Lo stupore, dote sommamente umana, prende forza e si fa breccia. In tanti appoggiano la causa, anche tra gli intellettuali, tra cui il giornalista Michele Santoro, l’artista Moni Ovadia, il fisico Carlo Rovelli, il giurista Ugo Mattei e tanti altri; fino ad arrivare ad una vera e propria proposta di referendum. Sul tema guerra il controllo del dissenso tiene meno. Faceva più paura essere tacciati di “antiscientificismo” piuttosto che di “filoputinismo”, ma ora è inutile piangere sul latte versato (verrà il momento). Ciò che conta è che sempre più persone si stiano rendendo conto di essere – mi tocca, ahimè, usare questo termine per chiarezza espositiva – prese per i fondelli. E non sto parlando di quattro soldi o di qualche poltrona in parlamento, ma di una presa in giro che oggi costa il rischio, sempre meno irrealistico visti anche i più recenti avvenimenti, dello scoppio di una guerra nucleare.

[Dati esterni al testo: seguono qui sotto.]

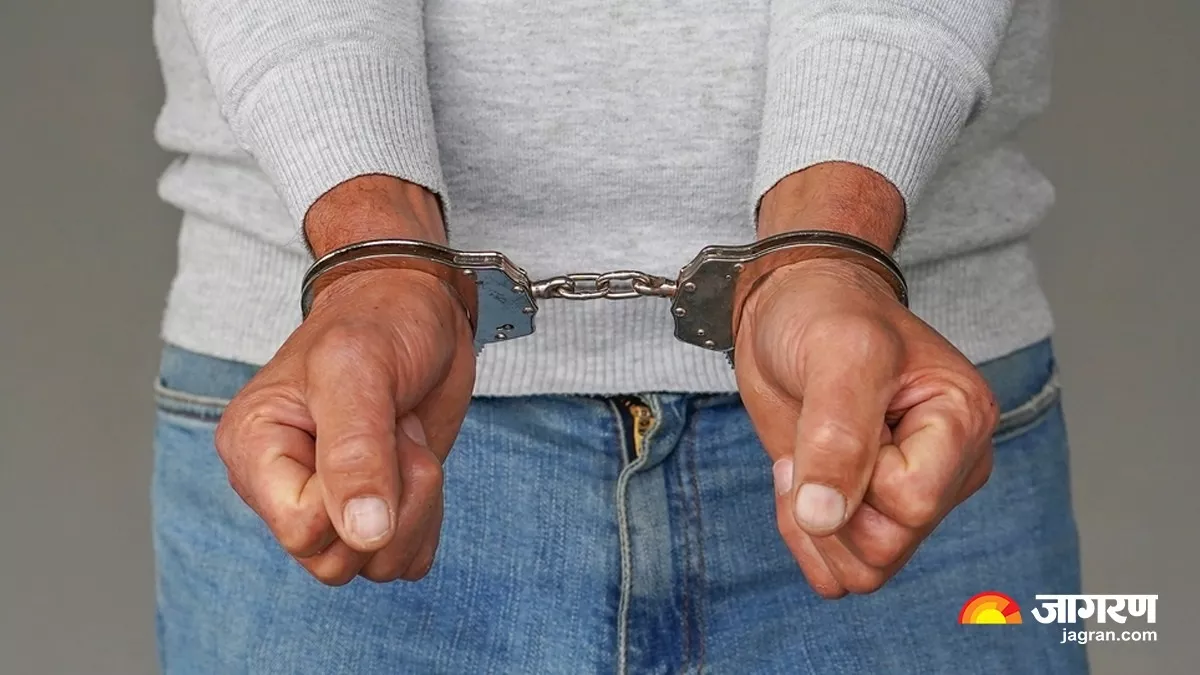 नशे की हालत में शिवपुर थाना में बवाल करने वाले को पुलिस ने गिरफ्तार कर लिया।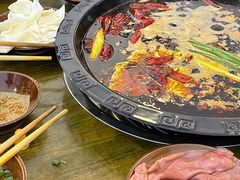 -黄潇洒老火锅(九眼桥宏济巷店)
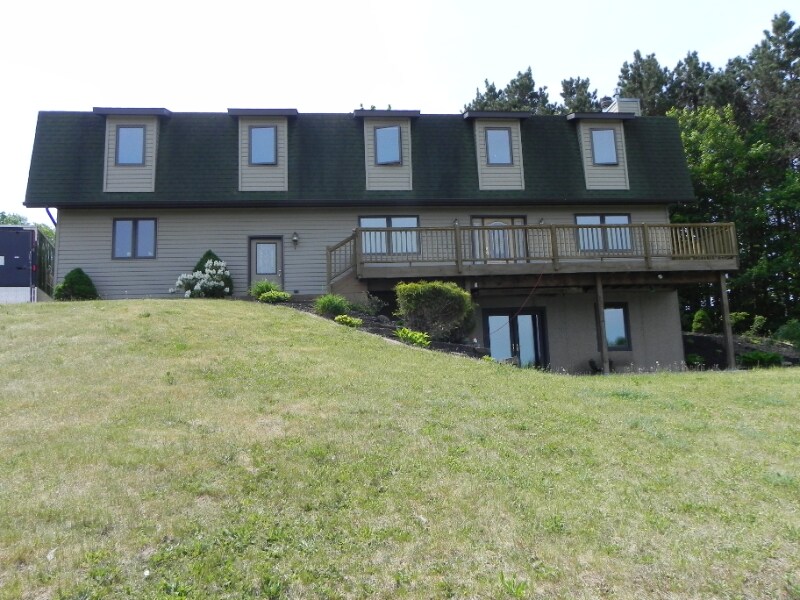 8665 Worden Rd in Beulah, MI - Building Photo
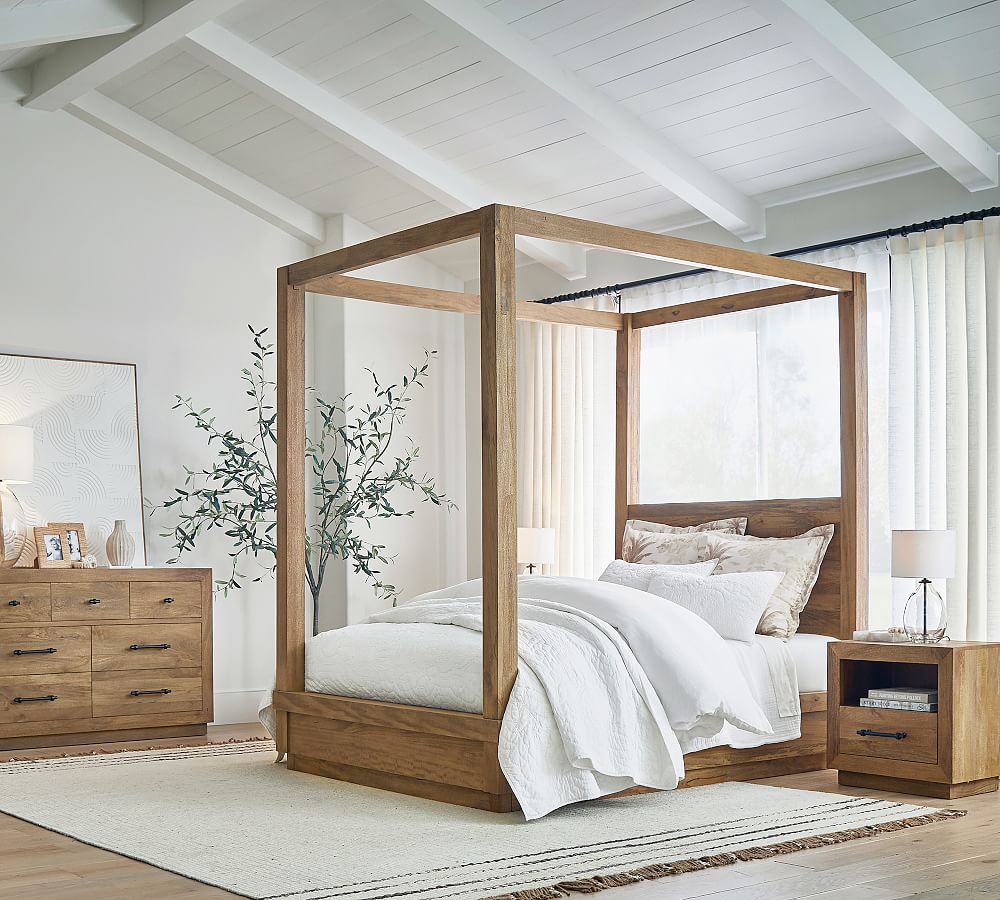 Pottery Barn Oakleigh Canopy Bed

Detto ciò, ci chiederemo, ma come è possibile che in un Paese formalmente democratico il governo non rispetti l’opinione della maggioranza della popolazione? La risposta superficiale è presto detta. Ci viene infatti in aiuto un ex primo ministro italiano che, ospite a La 7, ha avuto il grande merito, di rispondere sinceramente a una domanda, spiegando alla giornalista che lo intervistava che, se l’attuale governo italiano non si fosse adeguato alle politiche dettate dagli Stati Uniti e da Bruxelles, semplicemente, sarebbe già stato fatto cadere. Ma questo motivo non è sufficiente a spiegare l’attuale situazione, perché il quesito si potrebbe riproporre similmente: com’è possibile che gli italiani accettino che le scelte politiche del proprio governo non dipendano dai cittadini che, in teoria, dovrebbe rappresentare bensì da un Paese straniero?

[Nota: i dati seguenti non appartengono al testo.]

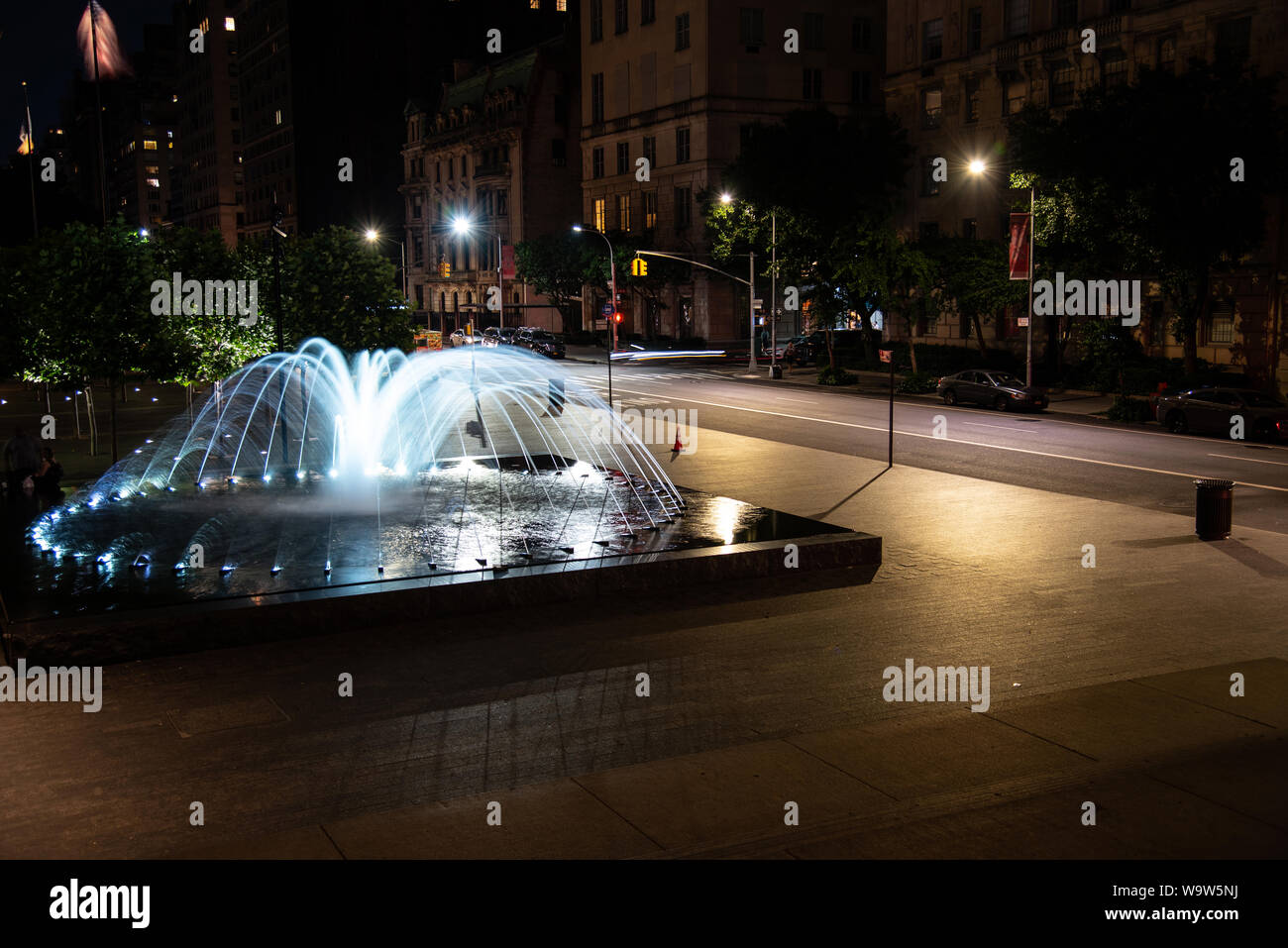 Brunnen der Metropolitan Museum der Kunst in der Nacht in New York. Stockfoto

La risposta più “profonda” va cercata, come al solito, dentro di noi. Abbiamo perso fiducia nel nostro potere personale e siamo diventati succubi dell’idea che qualunque azione faremo non servirà a cambiare le cose. Spesso le stesse proteste che vengono organizzate si limitano a manifestare frustrazione e non sono animate da una reale speranza di poter trasformare la realtà e costruire un’alternativa, come ci ha chiaramente mostrato il grande fallimento morale del Movimento 5 stelle. Strano ma vero, in un mondo sempre più secolarizzato, la vera azione politica deve ritrovare le sue basi spirituali, perché solo un uomo interiormente libero può veramente lottare per la libertà, così come solo un uomo interiormente prospero può lottare per la prosperità e solo un uomo interiormente vero può lottare per la verità.

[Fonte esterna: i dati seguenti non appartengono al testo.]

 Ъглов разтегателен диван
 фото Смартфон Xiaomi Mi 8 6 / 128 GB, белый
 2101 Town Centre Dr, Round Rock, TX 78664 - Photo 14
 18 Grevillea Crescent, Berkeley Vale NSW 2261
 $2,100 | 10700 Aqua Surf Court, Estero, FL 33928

Forse allora, possiamo vedere il rischio di una terza guerra mondiale come un ultimo invito all’uomo, sempre più dimentico di sé stesso (e a cui, non a caso, viene ora più che mai concretamente proposta un’alternativa al pensiero, con la cosiddetta intelligenza artificiale) di ritrovare le proprie radici ed invertire la rotta. L’unica strada percorribile è quella dell’educazione di noi stessi e delle future generazioni; educazione intesa aristotelicamente come accompagnamento fiducioso all’espressione del nostro potenziale o cristianamente come esortazione ad ascoltare e seguire la chiamata del nostro desiderio.